The Delhi and Uttar Pradesh squads were at the nets in the morning on the eve of their Ranji Trophy Super League clash and there were at least four players from both sides who must have had butterflies in their stomachs, knowing they were in the reckoning.

Finally it was Punjab medium-pacer VRV Singh who got the nod ahead of Delhi's Ashish Nehra and RP Singh of UP.

Nehra, who picked up just one wicket in the opening tie against Tamil Nadu at the same ground last week, was out on the ground just briefly in the morning. When asked where he had gone after that, one team official said tongue-in-cheek: "He is in the pavilion, busy praying".

Nehra's prayers were not answered this afternoon but that was not the case for another Delhi player, opener Gautam Gambhir.

It was state-mate Akash Chopra who narrowly lost out to Gambhir for the third opener's slot and this led to a tense atmosphere in the Delhi dressing room where the players were having lunch when the announcement was made just yards away in one of the shabbier rooms of the DDCA.

That certainly made for poignant scenes.

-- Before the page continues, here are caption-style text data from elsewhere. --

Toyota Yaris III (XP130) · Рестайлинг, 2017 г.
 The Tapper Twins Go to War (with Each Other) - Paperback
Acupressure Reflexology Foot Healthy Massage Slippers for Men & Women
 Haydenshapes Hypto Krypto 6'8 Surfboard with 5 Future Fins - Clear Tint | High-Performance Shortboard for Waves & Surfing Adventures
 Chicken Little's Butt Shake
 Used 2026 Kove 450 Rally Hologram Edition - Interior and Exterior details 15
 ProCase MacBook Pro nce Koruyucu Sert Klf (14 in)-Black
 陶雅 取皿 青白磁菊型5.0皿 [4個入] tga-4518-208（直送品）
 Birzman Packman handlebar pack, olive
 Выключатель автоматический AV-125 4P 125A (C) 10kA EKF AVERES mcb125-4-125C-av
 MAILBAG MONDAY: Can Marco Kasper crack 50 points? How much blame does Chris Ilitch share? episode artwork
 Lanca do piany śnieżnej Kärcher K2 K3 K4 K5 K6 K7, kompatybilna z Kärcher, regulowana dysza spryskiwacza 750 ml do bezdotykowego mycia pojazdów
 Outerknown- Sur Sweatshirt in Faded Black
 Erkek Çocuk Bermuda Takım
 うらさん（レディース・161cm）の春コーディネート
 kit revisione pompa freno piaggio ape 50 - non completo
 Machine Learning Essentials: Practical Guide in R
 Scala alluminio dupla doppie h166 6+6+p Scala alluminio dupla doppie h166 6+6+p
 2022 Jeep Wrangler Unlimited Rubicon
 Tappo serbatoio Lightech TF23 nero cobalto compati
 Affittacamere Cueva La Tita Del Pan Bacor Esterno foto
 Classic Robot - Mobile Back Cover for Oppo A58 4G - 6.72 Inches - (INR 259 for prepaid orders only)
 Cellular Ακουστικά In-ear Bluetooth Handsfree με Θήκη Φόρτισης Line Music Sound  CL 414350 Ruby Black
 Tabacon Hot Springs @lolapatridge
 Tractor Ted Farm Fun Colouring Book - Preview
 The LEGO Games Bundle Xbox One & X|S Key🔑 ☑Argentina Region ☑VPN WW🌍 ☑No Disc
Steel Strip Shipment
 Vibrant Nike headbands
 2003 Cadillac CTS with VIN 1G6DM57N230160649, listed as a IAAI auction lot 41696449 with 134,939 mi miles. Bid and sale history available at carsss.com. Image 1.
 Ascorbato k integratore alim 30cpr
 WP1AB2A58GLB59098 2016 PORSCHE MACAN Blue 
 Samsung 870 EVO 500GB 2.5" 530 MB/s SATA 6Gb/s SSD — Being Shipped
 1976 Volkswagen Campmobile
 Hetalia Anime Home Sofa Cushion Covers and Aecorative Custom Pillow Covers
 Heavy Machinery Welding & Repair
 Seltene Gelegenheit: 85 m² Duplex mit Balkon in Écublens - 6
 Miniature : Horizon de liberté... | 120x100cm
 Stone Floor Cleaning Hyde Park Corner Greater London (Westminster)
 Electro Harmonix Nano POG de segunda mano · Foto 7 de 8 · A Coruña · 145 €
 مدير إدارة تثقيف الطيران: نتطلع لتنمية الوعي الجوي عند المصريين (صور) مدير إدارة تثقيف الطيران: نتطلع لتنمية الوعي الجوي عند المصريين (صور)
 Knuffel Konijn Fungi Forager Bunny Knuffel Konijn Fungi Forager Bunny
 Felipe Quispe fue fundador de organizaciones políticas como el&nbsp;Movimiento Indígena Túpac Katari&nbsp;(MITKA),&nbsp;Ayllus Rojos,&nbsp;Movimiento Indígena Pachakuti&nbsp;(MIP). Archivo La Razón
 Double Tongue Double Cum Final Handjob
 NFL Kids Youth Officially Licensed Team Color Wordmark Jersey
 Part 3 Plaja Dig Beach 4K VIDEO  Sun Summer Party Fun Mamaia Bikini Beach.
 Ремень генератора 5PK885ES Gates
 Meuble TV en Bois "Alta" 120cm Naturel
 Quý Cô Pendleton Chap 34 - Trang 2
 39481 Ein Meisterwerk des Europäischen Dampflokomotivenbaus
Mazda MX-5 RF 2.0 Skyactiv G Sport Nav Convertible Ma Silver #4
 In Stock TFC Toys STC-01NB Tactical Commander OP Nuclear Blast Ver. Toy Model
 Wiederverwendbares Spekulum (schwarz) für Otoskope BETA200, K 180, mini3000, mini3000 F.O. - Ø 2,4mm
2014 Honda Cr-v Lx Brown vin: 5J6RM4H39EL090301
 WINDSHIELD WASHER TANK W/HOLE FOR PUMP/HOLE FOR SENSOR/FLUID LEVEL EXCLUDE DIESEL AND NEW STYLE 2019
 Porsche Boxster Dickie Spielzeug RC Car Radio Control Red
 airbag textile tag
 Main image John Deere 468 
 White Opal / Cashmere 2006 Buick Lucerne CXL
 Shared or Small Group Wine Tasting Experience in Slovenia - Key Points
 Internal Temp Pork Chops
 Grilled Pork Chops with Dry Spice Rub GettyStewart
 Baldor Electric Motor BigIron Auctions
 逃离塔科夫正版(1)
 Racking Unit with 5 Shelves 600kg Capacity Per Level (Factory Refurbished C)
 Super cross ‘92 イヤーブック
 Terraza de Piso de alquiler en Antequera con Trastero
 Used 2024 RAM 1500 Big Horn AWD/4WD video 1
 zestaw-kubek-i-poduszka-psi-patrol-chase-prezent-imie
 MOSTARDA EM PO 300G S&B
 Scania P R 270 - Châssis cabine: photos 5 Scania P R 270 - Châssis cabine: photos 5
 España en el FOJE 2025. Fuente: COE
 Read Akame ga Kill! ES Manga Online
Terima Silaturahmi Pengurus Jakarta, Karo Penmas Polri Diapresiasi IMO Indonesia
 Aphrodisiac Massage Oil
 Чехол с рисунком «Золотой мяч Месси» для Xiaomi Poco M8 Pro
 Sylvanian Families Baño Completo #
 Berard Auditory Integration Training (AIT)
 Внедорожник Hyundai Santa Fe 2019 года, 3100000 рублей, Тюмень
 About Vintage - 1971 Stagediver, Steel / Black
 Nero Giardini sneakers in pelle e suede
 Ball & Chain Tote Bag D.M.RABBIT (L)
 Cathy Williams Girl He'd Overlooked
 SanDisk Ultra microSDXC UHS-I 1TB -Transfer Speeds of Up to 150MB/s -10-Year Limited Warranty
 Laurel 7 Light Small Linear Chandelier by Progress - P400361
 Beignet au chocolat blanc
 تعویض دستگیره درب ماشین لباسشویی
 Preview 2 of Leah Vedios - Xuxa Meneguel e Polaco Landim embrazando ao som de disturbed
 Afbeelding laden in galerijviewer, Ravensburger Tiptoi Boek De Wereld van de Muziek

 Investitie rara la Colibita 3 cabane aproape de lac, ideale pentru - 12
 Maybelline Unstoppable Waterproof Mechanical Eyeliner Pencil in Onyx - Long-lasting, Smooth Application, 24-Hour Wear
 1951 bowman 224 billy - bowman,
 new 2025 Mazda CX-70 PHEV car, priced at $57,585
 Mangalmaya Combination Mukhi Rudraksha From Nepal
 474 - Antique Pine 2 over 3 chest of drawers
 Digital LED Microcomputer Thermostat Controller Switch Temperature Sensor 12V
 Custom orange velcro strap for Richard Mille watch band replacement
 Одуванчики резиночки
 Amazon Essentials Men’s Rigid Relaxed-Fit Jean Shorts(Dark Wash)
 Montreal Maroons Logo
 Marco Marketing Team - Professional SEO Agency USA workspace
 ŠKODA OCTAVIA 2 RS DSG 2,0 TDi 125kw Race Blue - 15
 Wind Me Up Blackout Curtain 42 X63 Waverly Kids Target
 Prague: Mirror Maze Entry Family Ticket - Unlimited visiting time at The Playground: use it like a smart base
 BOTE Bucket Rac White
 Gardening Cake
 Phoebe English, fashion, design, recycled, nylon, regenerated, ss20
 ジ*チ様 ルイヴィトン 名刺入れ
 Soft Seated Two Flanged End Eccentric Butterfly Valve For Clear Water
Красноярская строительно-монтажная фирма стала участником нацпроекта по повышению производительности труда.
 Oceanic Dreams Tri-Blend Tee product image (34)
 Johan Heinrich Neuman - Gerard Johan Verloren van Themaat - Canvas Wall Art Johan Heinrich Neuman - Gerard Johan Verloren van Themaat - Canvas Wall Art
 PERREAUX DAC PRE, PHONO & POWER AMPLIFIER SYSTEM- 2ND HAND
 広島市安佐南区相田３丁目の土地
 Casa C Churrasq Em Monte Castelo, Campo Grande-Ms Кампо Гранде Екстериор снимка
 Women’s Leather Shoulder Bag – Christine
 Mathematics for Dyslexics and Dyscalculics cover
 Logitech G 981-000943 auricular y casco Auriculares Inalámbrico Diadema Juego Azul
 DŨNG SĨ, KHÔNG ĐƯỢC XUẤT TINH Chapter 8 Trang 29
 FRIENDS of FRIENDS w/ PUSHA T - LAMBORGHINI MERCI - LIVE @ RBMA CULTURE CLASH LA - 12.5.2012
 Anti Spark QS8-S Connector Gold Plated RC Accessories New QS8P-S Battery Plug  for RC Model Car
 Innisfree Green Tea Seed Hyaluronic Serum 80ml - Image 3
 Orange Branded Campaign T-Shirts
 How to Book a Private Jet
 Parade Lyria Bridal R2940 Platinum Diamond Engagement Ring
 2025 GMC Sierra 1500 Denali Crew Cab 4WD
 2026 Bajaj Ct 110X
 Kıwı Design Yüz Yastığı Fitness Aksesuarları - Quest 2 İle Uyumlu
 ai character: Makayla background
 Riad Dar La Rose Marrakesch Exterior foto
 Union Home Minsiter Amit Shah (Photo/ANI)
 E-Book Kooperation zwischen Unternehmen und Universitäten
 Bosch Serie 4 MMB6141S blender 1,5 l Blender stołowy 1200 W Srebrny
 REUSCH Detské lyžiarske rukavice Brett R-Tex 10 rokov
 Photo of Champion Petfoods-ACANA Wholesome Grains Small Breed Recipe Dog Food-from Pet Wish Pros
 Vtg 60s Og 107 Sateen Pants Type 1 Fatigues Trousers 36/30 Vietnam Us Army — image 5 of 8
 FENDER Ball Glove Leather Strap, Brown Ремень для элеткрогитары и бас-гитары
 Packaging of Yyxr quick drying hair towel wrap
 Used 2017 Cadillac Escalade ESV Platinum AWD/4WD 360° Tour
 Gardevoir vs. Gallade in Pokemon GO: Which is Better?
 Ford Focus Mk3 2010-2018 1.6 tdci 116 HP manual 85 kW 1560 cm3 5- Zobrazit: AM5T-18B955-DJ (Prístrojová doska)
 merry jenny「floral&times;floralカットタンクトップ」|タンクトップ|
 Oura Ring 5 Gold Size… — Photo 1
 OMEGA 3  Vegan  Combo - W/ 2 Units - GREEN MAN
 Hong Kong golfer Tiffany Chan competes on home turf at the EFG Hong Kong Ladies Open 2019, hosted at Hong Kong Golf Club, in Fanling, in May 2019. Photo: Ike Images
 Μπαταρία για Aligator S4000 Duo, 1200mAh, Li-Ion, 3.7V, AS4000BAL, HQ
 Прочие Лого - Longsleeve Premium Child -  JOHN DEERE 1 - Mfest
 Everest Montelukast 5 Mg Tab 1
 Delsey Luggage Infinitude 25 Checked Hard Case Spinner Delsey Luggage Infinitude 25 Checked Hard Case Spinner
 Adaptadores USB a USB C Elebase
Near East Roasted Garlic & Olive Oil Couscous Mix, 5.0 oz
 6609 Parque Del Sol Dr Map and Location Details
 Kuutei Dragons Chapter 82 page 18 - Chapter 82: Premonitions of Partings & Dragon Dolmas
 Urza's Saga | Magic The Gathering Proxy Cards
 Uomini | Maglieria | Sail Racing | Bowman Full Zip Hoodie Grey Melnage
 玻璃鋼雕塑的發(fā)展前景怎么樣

But the symbolism came in the form of former national selector and Bengal captain Sambaran Banerjee who is here in the capacity of Match Referee for Friday's tie.
A loud gasp and a smattering of applause as well--rose from the massed ranks of the city's journalists as soon as Ganguly's name was announced by BCCI Secretary and Selection Committee convener Niranjan Shah in the overflowing hall.

Banerjee, pacing the corridor outside the team dressing rooms not far away, had reason to be delighted. He was after all instrumental as captain for getting the teenage Sourav in to the Bengal team for the final against Delhi in March 1990, at the expense of elder brother Snehashis.

A year later Sourav had been chosen for the national side for Australia in 1991-92. But the negative fallout of that tour meant he would find himself in the wilderness for another four years.

It was in Delhi in April 1996 that Banerjee would once more play a pivotal part in Ganguly's career, helping to bring him back controversially for the tour of England in 1996 in his role as the national selector from East Zone. The rest of course is Indian cricket history.

Today when asked for his reaction to Ganguly's latest comeback, Banerjee was non-committal. "It's OK", he said, shrugging his shoulders.

There was no mistaking his elation however with his cell-phone stuck to his ear, continuously fielding calls from Kolkata. One comment this correspondent picked up: "The fireworks celebrating on the streets of Kolkata are going as high as the bounce of the ball on the pitches of South Africa".

It remains to be seen now how Ganguly copes with that bounce.